Introduction
Capacity is an upper limit of services that can be provided or products that can be produced. If an operating unit offers less than clients require, it can lose its market share, but if supply exceeds demand it may lead to additional costs. It is an option to sell the excess, in some situations, introduce new products and services, or transfer manufacturing to a location with lower labor costs (Stevenson, 2014). However, these are only temporary decisions, and it is best to prepare in advance to avoid over-capacity by a strategic managerial approach.
Main body
The way companies plan their capacity depends on the area of their operations, the technology they employ, fluctuations in demand, and other factors. In some organizations, capacity choices are made once for a long time, while in others, they are regularly audited. One of the main aspects of this process is defining the capacity metrics of an operating unit and calculating its design capacity, effective capacity, and actual output (Stevenson, 2014). However, it is equally important to collect information and make predictions regarding long-term demand dynamics.
In some areas, demand volatility becomes a serious problem for capacity planners but some trends such as seasonable fluctuations and predicted economic difficulties associated with decreases in purchasing power could be recognized. Seasonal variations lead to unevenness in capacity requirements, but knowing them in advance, managers can make certain allowances (Stevenson, 2014). Production processes or offering services or facilities can be scheduled the way to minimize losses.

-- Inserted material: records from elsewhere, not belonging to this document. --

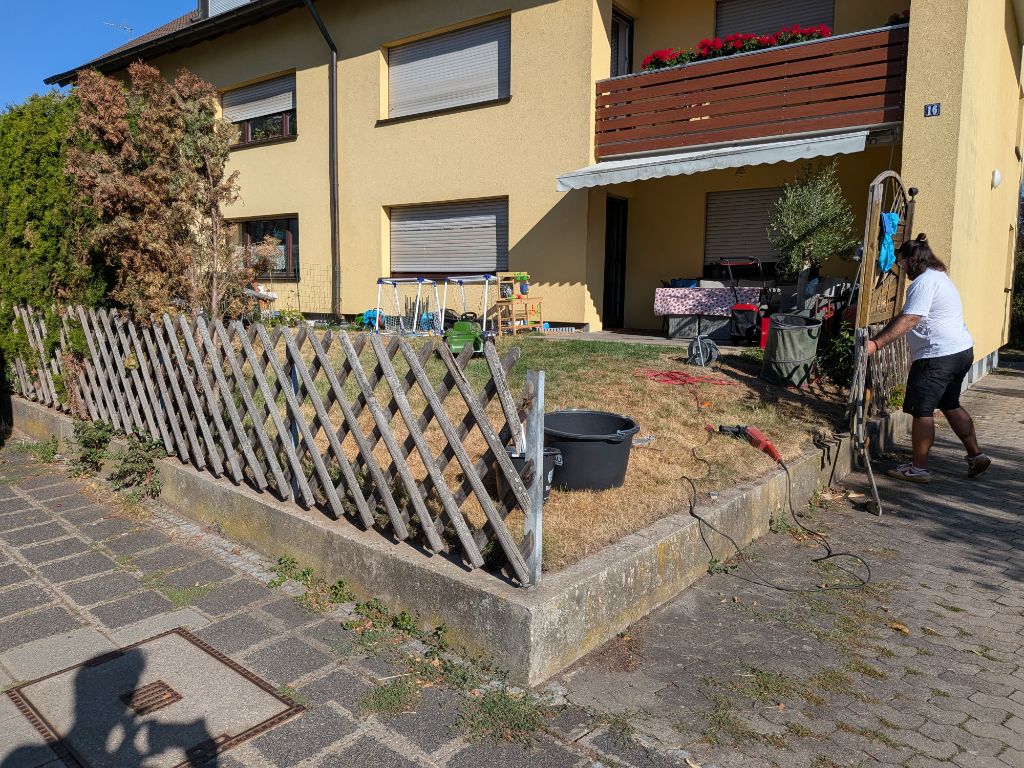 Alter, morscher Holzlattenzaun vorher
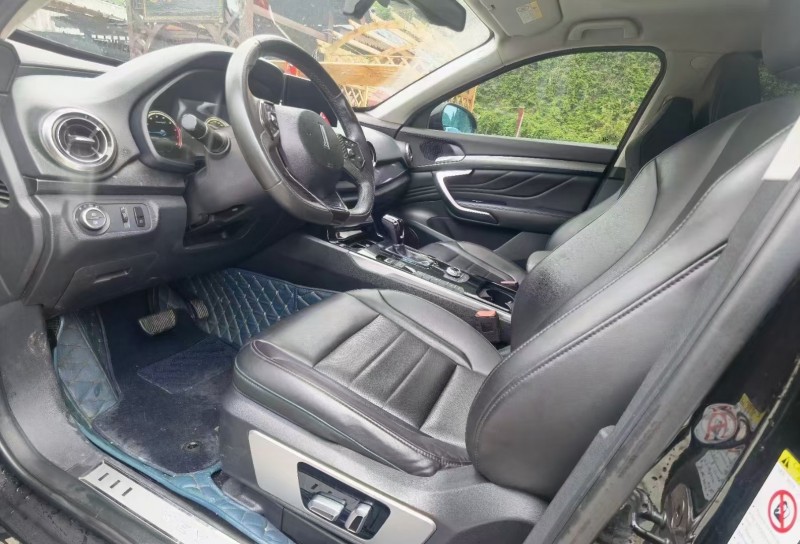 安順17年長城汽車WEY VV75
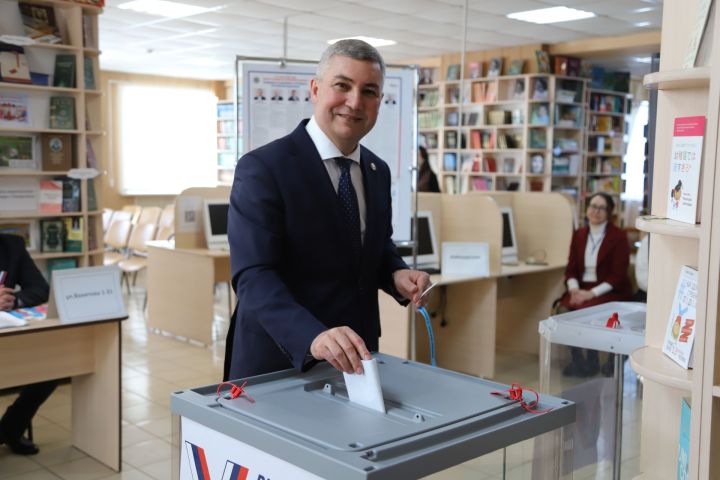 Район башлыгы тавыш бирә
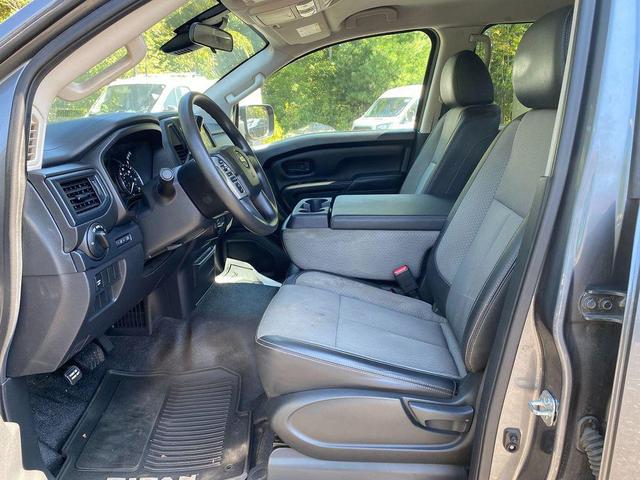 Photo of 2020 Gun Metallic Nissan Titan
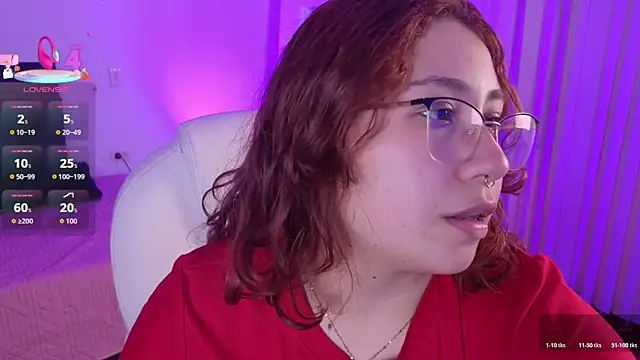 Snapshot of littlee_red chatting on 05.15.26 littlee red online show from 05.15.26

Capacity planners can employ several effective strategies. First, they can design flexibility into the systems introducing provisions for future expansion (Stevenson, 2014). It is also advisable to identify the stage of development of an operation unit since the optimal capacity would be different for products or services that have just been introduced, seized a large part of the market, or entered a decline stage (Stevenson, 2014). When planning an expansion, it is also essential to look at “the big picture” (Stevenson, 2014). One should evaluate how different parts of an operating unit would correspond to the planned growth.
Conclusion
Although different strategies can be used, there are several essential steps. They include estimating future capacity requirements, evaluating the existing capacity, investigating alternatives, and, after the implementation, monitoring performance (Stevenson, 2014). Employing developed capacity planning strategies can ensure that a company avoids under- and over-capacity.
References
Stevenson, W. J. (2014). Operations management (12th ed.). McGraw-Hill Education.